START DATA SHOWN

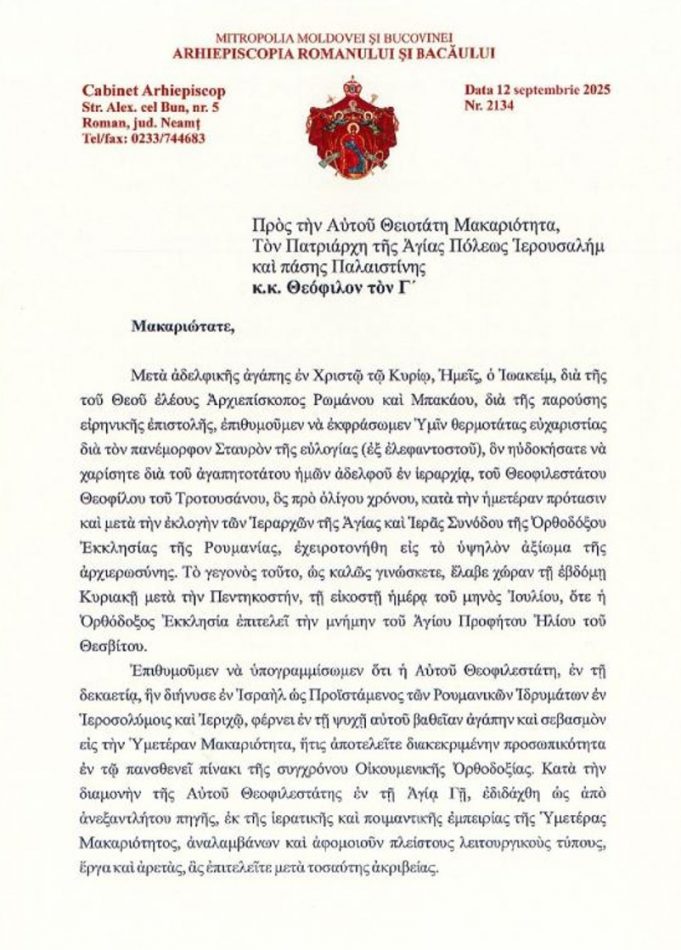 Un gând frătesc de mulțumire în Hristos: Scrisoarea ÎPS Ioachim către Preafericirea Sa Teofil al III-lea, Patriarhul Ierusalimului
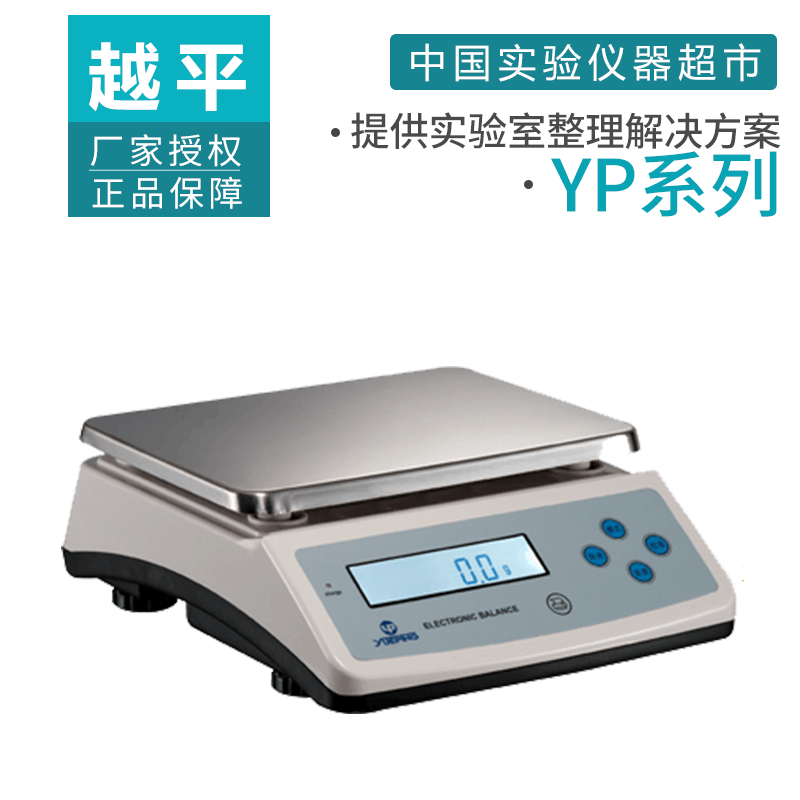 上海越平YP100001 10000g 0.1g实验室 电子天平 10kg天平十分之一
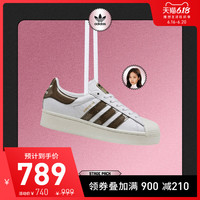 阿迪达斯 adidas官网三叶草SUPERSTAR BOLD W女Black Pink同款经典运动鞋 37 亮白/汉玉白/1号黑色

END DATA SHOWN
START DATA SHOWN

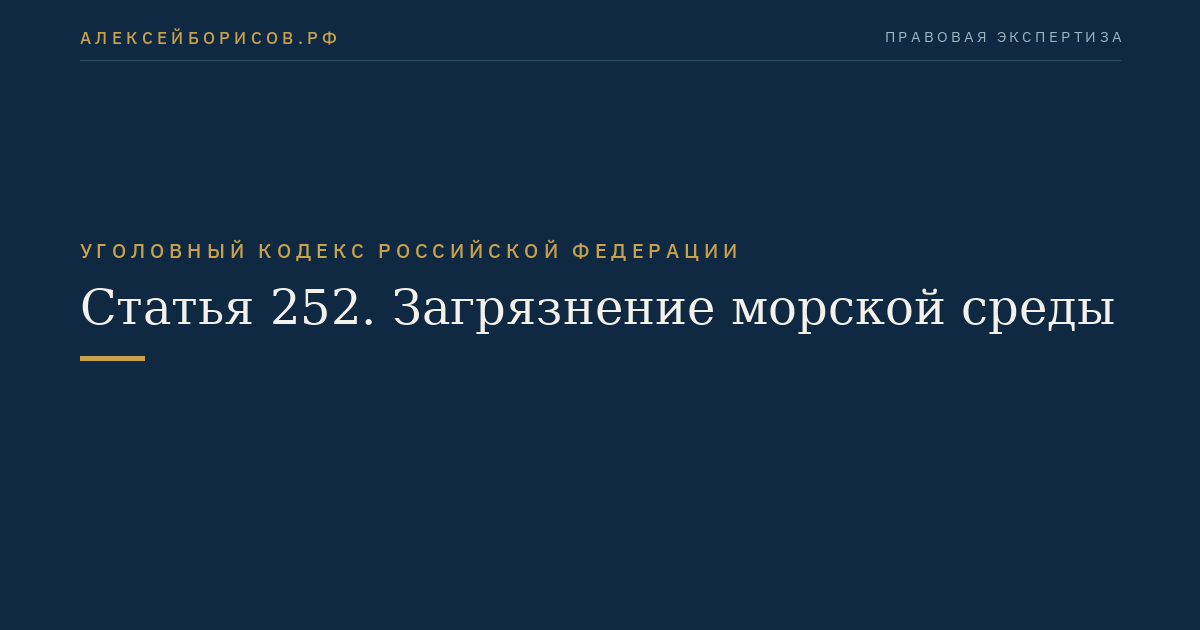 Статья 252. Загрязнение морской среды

END DATA SHOWN
START DATA SHOWN

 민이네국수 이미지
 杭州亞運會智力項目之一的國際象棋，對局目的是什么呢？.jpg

END DATA SHOWN

TASK STATEMENT:
After locating "Un gând frătesc" and "阿迪达斯 adidas官网三叶草SUPERSTAR BOLD" in the records above, return exactly the line holding each one and every line between them; leave out the pictures.

RESPONSE AREA:
 Un gând frătesc de mulțumire în Hristos: Scrisoarea ÎPS Ioachim către Preafericirea Sa Teofil al III-lea, Patriarhul Ierusalimului
 上海越平YP100001 10000g 0.1g实验室 电子天平 10kg天平十分之一
 阿迪达斯 adidas官网三叶草SUPERSTAR BOLD W女Black Pink同款经典运动鞋 37 亮白/汉玉白/1号黑色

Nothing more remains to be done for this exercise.